The Feeding Phase is crucial to the game. Cards are arranged in order of zero food to at least five food for the five-player game. The cards in the game tell whether the group is playing a two-, three-, four-, or five-player game and how to arrange the food issues. Mr. Rosenberg has cleverly labeled a black pot as the amount of food needed. Further, he has taken the player action card explanations and placed a "buttery" on the back to keep track of whether a player has enough food at the end of each round.
Food requirements can easily be solved if one possesses grain or cattle during any round. One grain makes two at the end of any seven player turns. One cattle or two makes another cattle at the end of the same kind of round. What the construction of ships do for you is allow the reduction of one or more food when the Feeding Phase occurs.
I watched in horror (because of limited resources) while one of my gaming friends accumulated a Fishery and a Smokehouse. That allowed him to "smoke" six fish as a maximum and keep his food production high. Further, during the game he accumulated at least seven cattle, so this individual was never in trouble with food costs.
Let's digress for a moment and talk about someone who cannot pay the food costs. Then, you have to take a loan. The loan gives you four francs (only if you need to pay food costs), and the loan needs to be repaid before the end of the game with five francs. The comments on the Internet suggest it is not wrong to take loans, especially if food costs are eating you out of house and home.
The game went smoothly for all the players, and I, finally, acquired a shipping line late in the game. However, we had already paid the supposed winning player dearly for the opportunity to construct buildings, secure bricks (from clay counters), and substitute one lumber for five francs. I had constructed a wooden ship (Iron, Steel, and Luxury Liners exists in the game); therefore, my food costs with one reduction were reasonable.

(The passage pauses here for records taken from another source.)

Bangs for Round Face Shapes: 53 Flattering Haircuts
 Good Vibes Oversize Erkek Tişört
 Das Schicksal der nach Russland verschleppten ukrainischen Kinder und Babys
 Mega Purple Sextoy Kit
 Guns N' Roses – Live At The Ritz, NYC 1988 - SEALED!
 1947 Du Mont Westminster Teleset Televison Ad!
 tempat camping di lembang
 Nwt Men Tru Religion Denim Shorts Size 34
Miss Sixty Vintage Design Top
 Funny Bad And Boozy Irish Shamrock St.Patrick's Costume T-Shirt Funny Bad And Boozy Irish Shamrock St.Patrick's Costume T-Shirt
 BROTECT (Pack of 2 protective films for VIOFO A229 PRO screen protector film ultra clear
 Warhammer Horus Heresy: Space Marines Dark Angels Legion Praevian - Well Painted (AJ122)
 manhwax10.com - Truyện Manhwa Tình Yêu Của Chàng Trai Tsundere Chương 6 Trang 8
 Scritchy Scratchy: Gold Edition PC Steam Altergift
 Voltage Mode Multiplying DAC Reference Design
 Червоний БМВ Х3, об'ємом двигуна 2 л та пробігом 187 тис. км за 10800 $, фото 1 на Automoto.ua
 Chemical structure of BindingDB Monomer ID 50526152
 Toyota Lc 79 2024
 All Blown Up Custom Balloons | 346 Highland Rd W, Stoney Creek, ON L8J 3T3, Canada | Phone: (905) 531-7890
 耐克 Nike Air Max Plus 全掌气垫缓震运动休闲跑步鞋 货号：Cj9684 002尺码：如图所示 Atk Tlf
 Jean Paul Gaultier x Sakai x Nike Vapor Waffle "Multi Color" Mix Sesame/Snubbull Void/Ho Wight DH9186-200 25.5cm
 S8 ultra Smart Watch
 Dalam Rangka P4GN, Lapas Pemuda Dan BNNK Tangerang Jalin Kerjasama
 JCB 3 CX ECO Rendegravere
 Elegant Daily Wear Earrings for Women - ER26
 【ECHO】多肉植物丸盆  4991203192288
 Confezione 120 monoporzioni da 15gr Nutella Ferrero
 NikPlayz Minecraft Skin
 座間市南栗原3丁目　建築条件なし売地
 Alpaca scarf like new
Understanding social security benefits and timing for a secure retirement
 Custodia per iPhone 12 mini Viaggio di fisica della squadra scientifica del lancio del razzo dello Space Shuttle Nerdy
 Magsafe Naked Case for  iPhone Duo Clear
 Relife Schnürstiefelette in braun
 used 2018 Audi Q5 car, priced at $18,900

However, the name of that game is also Francs. You need francs to purchase buildings. That's why most of us were accumulating and paying resources to construct buildings. It is an Either/Or situation: You either build or purchase. That leads to a pertinent question that was not sufficiently answered during the spirited game:
Why would anyone purchase a building when you can construct the building with resources?
As the game progressed, we all noticed the now winning player had achieved at least 56 points. Little chance existed to catch him before the end of 20 rounds. We had 22, 16, and so forth in points. Therefore, we conceded the game with the individual who had five buildings and was charging us every time we needed to construct or achieve resources or francs.
All in all, the players said it was a worthwhile game. Even though I like Agricola, I think LeHavre achieves more interest. Perhaps, it is my penchant for economic and trading games. Anyhow, if you are prepared for an evening of beautifully designed rules and terrific trading/purchasing decisions to make, then Le Havre is your cup of tea.
Do, always, think about the food costs.